In addition, upon the sale of a note to (or through) a broker, the broker must
report the sale and backup withholding on the entire purchase price, unless
(i) the broker determines that the seller is a corporation or other exempt
recipient, (ii) the seller certifies (as described above) that such seller is
a non-United States person and certain other conditions are met or (iii) the
broker has the taxpayer identification number of the recipient properly
certified as correct.

         Any amounts withheld under the backup withholding rules from a
payment to a beneficial owner would be allowed as a refund or a credit against
such beneficial owner's US federal income tax provided the required
information is furnished to the IRS.

         Prospective investors should consult their own tax advisors with
respect to the foregoing withholding tax requirements.

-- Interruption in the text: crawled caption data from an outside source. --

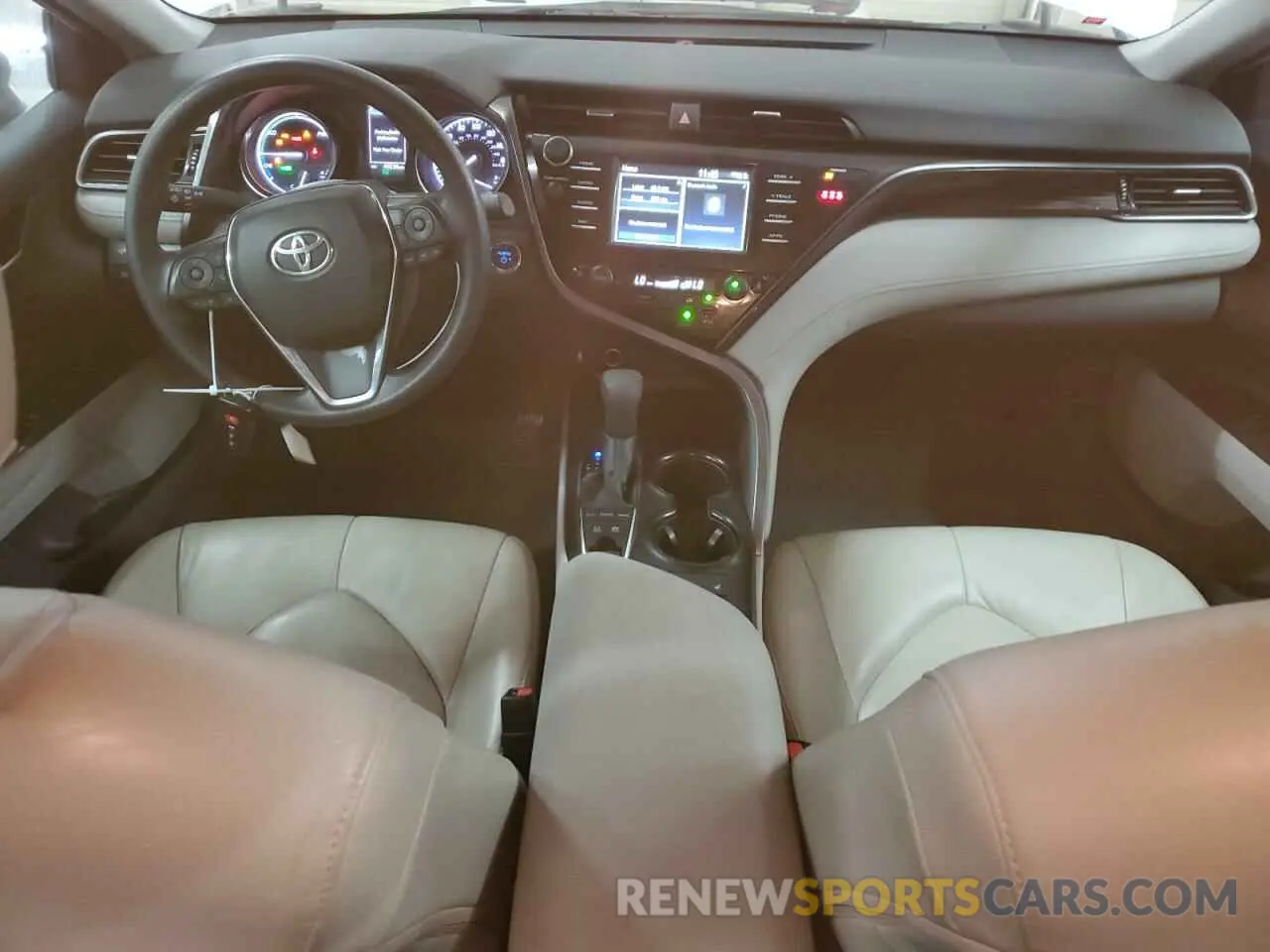 8 Photograph of a damaged car 4T1B31HK3KU004904 TOYOTA CAMRY 2019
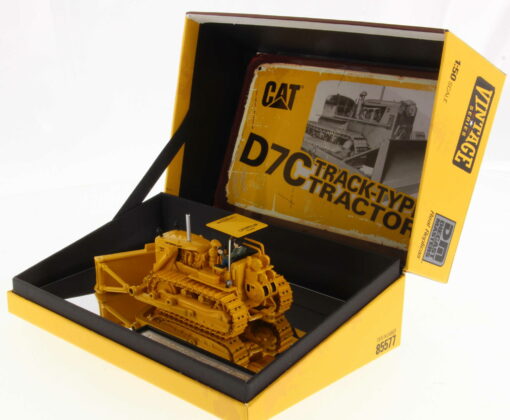 Cat Diecast D7C Track-Type Tractor Vintage Series 85577 - Image 12
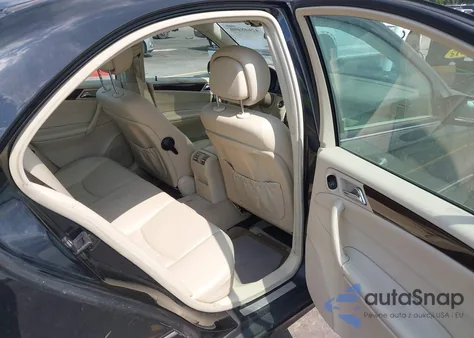 2007 Mercedes-Benz C 350 Luxury 4Matic z USA, uszkodzony, nr VIN WDBRF87HX7F889041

         THE US FEDERAL INCOME TAX DISCUSSION SET FORTH ABOVE IS INCLUDED FOR
GENERAL INFORMATION ONLY AND MAY NOT BE APPLICABLE DEPENDING UPON AN OWNER'S
PARTICULAR SITUATION. HOLDERS OF DOLLAR NOTES SHOULD CONSULT THEIR OWN TAX
ADVISORS WITH RESPECT TO THE TAX CONSEQUENCES TO THEM OF THE OWNERSHIP AND
DISPOSITION OF DOLLAR NOTES, INCLUDING THE TAX CONSEQUENCES UNDER STATE,
LOCAL, FOREIGN AND OTHER TAX LAWS AND POSSIBLE EFFECTS OF CHANGES IN FEDERAL
AND OTHER TAX LAWS.

         Material Jersey (Channel Islands) tax considerations
         ----------------------------------------------------

         Tax status of the mortgages trustee and the mortgages trust

         It is the opinion of Jersey (Channel Islands) tax counsel that the
mortgages trustee will be resident in Jersey for taxation purposes and will be
liable to income tax in Jersey at a rate of 20% in respect of the profits it
makes from acting as trustee of the mortgages trust. The mortgages trustee
will not be liable for any income tax in Jersey in respect of any income it
receives in its capacity as mortgages trustee on behalf of the beneficiaries
of the mortgages trust.


                                      47



         Tax status of Funding

         Funding had "exempt company" status within the meaning of Article
123A of the Income Tax (Jersey) Law, 1961, as amended, for the calendar year
ending December 31, 2004. Funding will be required to pay an annual exempt
company charge (currently (GBP)600) in respect of each calendar year during
which it wishes to retain "exempt company" status. The retention of "exempt
company" status (for as long as such status is available under Jersey law) is
conditional upon the exempt company charge being paid, Funding disclosing its
beneficial ownership within the required time limits and the Comptroller of
Income Tax in Jersey being satisfied that no Jersey resident has a beneficial
interest in Funding, except as permitted by concessions granted by the
Comptroller of Income Tax. As at the date of this Annual Report no Jersey
resident person has or is anticipated to have any beneficial interest in
Funding, and therefore such concessions are not expected to be relied upon.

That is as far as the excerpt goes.